Olimpiadi di Mosca 1980
Partiamo dall’episodio più recente. E’ il 1980 e a Mosca vanno in scena le olimpiadi. Pietro Mennea è in finale nella sua specialità, i 200 metri piani. Viene effettuato il sorteggio che assegna le corsie e a lui tocca la corsia numero 8, la peggiore. L’olimpiade di Mosca è nota per il boicottaggio da parte degli atleti statunitensi ma, in quella finale, i più forti c’erano. C’era il britannico Welles, il giamaicano Quarrie, detentore del titolo olimpico, e poi c’era lui.
La partenza, come al suo solito è lenta. Viene subito sopravanzato dai rivali e, passata la curva, quando 100 metri se ne sono andati e ne restano altri 100, Mennea sembra irrimediabilmente troppo lontano dai primi. Ma qui comincia a mulinare le gambe ad un ritmo indiavolato e si lancia con una forza incredibile ad inseguire i primi e recupera. Recupera.

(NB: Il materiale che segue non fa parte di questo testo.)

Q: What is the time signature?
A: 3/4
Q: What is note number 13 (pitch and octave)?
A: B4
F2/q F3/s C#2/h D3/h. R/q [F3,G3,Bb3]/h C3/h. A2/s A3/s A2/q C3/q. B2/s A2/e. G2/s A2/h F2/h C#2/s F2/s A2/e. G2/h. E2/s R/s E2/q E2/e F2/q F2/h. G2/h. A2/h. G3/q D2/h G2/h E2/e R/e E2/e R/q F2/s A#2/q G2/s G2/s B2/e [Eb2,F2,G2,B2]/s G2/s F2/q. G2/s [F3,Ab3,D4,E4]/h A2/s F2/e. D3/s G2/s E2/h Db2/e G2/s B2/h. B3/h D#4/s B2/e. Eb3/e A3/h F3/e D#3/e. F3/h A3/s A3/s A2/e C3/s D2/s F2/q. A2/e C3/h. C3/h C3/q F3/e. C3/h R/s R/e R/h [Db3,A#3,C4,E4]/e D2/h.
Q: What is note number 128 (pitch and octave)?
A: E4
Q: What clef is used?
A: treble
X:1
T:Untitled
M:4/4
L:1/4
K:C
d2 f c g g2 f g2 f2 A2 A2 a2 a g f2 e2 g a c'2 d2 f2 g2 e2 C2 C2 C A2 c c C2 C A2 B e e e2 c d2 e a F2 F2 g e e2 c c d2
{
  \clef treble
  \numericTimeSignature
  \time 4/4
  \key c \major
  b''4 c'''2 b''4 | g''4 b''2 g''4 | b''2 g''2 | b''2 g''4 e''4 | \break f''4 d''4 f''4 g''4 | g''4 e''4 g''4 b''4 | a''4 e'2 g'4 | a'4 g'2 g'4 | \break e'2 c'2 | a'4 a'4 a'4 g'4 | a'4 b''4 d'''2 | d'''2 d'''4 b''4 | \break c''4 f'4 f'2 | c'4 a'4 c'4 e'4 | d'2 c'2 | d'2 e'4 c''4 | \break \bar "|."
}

Recupera. Recupera.
Recupera fin sulla linea del traguardo dove si tuffa e batte proprio Welles di soli due centesimi.
E’ medaglia d’oro.
Universiadi di Città del Messico 1979
Il secondo episodio che va citato è di un anno prima. Mennea, che studiava Scienze Politiche, potè prendere parte alle Universiadi di Città del Messico. Era indubbiamente il più forte nella specialità e infatti vinse. Non poteva però immaginare che quella gara lo avrebbe trasformato in una leggenda.
Mennea, infatti, stabilì il record del mondo: i 200 metri in 19 secondi e 72. Un record destinato a rimanere nella storia.
Quel 19 e 72, infatti, reggerà agli assalti dei migliori interpreti della specialità per ben 17 anni.
Ed era bello, negli anni seguenti, quando Mennea già non correva più, assistere alle gare e, per una volta, tifare contro. Non tanto contro gli atleti ma contro il cronometro. Quel 19 e 72 era un nostro orgoglio, qualcosa che ci tenevamo stretto e, più il tempo passava, più cresceva la speranza che nessuno sarebbe mai riuscito a batterlo.
Quel 19 e 72 resistette caparbio fino al 1996 quando Michael Johnson, prototipo del velocista moderno, riuscì a farlo cadere.
Un saluto
Ci sarebbero tante altre cose di cui parlare. Come il fatto che Mennea si laureò per ben quattro volte. O il suo impegno in politica o ancora la sua attività di avvocato.
Ma noi siamo RunLovers e qui si parla di corsa e quindi ci fermiamo qui. Salutiamo un grande atleta che ci ha fatto sognare e ci ha resi orgogliosi.
Orgogliosi come di quel 19 e 72 del quale, pur non avendone alcun merito, ci potevamo vantare con chiunque non fosse italiano.
Grazie per questa preziosa opera di ricordo e riscoperta di un grande uomo prima ancora che grande campione (ed è stato un grandissimo campione…).
Non so per quale cortocircuito sinaptico, da quando lo vidi per la prima volta ho sempre associato la finale dei 200 m a Mosca ad una famosa scena di Forrest Gump, quella in cui Forrest, inseguito dai bulli su un camion, si libera dalle incastellature che lo imprigionano e incomincia finalmente a volare con la sua corsa…
Il Mennea che appare battuto ai 100 m e rimonta in quella maniera fantastica (con la voce straziata di Paolo Rosi che accompagna quell’incredibile impresa, i brividi al solo ricordarla!) rientra in pieno nel campo del racconto epico, altro che Hollywood…
Non stabilì solo un record incredibile ma diede a un’intera nazione l’orgoglio e la passione, ma facendolo in una maniera particolare: all’esatto opposto dell’abitudine italica basata sulla furbizia, ci insegnò che niente di grandioso è ottenuto senza sforzi continui, costanti e grandissimi.